Extracted records
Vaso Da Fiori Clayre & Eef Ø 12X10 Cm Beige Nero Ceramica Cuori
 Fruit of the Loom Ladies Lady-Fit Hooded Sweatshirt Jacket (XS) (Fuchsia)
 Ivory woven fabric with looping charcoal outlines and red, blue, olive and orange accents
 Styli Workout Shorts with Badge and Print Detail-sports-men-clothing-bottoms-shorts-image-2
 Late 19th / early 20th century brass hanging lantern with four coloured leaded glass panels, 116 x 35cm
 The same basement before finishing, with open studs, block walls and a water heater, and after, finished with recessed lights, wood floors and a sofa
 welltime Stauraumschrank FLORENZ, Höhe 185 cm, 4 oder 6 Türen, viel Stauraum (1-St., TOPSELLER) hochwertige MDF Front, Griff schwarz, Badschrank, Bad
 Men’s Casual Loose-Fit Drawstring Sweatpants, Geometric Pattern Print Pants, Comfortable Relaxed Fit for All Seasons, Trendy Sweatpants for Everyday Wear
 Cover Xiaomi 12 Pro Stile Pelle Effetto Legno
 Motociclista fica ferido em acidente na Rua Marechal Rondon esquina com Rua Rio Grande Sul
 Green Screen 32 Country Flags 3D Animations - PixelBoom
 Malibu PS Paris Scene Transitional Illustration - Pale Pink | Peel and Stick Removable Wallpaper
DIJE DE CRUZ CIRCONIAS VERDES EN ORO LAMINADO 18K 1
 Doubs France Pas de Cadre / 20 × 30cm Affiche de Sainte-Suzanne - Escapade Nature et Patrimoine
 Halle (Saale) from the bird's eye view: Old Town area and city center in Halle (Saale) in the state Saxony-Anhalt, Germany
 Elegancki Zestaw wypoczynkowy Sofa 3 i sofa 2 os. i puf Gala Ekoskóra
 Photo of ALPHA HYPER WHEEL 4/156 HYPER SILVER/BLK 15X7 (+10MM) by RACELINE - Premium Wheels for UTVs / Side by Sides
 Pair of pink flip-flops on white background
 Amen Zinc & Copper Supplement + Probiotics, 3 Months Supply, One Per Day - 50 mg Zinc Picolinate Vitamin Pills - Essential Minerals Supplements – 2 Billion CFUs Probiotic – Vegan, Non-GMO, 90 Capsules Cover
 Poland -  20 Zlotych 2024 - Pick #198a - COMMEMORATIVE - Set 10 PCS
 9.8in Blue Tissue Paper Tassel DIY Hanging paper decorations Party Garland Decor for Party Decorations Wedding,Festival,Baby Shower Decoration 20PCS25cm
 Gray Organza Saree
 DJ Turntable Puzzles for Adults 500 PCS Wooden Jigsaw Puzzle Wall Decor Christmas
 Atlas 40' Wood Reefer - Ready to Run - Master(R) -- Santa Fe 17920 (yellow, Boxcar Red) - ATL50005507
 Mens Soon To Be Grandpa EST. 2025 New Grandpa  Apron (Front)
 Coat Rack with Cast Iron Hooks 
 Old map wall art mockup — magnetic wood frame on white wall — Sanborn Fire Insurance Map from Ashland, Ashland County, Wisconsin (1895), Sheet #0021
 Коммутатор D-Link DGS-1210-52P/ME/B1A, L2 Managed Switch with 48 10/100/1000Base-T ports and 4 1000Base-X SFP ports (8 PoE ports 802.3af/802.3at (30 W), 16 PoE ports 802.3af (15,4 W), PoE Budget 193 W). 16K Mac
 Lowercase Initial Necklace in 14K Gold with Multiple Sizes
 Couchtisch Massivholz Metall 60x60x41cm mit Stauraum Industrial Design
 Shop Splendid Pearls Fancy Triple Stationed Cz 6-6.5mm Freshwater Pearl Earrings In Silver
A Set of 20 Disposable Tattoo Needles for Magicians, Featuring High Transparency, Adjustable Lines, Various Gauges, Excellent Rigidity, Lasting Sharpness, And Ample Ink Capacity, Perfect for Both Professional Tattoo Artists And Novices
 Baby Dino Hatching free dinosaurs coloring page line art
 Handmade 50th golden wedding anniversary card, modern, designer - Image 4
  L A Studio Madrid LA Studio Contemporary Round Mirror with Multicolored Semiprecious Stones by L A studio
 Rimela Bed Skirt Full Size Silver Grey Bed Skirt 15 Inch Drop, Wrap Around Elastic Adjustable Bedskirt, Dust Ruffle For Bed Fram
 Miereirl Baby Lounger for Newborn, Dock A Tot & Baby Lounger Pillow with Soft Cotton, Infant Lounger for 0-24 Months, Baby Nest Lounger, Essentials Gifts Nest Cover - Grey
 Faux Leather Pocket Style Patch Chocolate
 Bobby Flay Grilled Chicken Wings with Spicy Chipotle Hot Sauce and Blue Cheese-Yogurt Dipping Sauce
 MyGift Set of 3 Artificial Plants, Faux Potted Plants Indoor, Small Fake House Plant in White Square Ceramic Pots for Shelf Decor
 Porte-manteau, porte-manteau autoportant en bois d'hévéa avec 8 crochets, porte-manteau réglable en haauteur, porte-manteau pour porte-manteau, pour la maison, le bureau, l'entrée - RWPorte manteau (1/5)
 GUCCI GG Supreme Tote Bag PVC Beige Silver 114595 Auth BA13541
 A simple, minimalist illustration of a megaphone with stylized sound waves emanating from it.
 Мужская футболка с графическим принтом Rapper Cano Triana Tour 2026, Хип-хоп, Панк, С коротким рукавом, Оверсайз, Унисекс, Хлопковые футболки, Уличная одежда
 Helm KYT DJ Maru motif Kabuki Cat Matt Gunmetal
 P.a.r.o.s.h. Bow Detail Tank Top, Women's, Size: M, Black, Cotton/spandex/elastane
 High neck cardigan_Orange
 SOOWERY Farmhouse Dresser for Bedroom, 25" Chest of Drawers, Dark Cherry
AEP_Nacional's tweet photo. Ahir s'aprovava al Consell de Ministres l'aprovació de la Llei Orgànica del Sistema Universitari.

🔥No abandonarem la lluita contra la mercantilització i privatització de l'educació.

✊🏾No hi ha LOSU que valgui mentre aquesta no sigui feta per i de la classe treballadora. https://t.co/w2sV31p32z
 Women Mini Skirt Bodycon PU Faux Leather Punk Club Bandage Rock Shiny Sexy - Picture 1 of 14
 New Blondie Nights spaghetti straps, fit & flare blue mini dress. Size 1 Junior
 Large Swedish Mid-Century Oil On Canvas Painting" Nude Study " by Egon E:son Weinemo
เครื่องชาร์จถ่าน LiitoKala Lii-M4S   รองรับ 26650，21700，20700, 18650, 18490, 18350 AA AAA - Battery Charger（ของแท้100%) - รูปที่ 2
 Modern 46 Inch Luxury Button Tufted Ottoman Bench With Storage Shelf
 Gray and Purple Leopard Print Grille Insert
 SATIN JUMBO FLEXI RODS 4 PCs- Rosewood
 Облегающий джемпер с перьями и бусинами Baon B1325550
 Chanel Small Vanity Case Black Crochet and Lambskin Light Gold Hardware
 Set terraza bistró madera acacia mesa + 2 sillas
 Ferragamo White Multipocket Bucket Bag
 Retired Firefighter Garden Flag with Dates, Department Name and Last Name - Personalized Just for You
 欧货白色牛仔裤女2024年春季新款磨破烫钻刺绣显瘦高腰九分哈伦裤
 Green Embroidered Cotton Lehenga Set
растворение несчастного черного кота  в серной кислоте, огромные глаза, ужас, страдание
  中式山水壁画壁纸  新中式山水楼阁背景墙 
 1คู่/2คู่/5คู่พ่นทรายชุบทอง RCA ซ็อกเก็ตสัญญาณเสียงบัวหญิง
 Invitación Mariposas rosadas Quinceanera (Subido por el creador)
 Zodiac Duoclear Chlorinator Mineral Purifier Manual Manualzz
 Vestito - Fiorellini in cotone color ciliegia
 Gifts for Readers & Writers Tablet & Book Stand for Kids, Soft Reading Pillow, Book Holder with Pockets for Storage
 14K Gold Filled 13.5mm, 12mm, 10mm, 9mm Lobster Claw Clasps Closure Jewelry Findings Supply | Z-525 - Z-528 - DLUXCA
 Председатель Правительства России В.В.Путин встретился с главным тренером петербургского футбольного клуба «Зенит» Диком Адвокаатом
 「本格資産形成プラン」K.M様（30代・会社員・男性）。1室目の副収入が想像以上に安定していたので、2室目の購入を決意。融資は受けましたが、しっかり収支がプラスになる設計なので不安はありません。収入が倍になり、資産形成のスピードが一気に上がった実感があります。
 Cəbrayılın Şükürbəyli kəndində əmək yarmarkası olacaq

_TASK INSTRUCTIONS_: Show the lines in the entries above that include the string "sofa".

_RESULT FOR THIS TASK_:
 The same basement before finishing, with open studs, block walls and a water heater, and after, finished with recessed lights, wood floors and a sofa
 Elegancki Zestaw wypoczynkowy Sofa 3 i sofa 2 os. i puf Gala Ekoskóra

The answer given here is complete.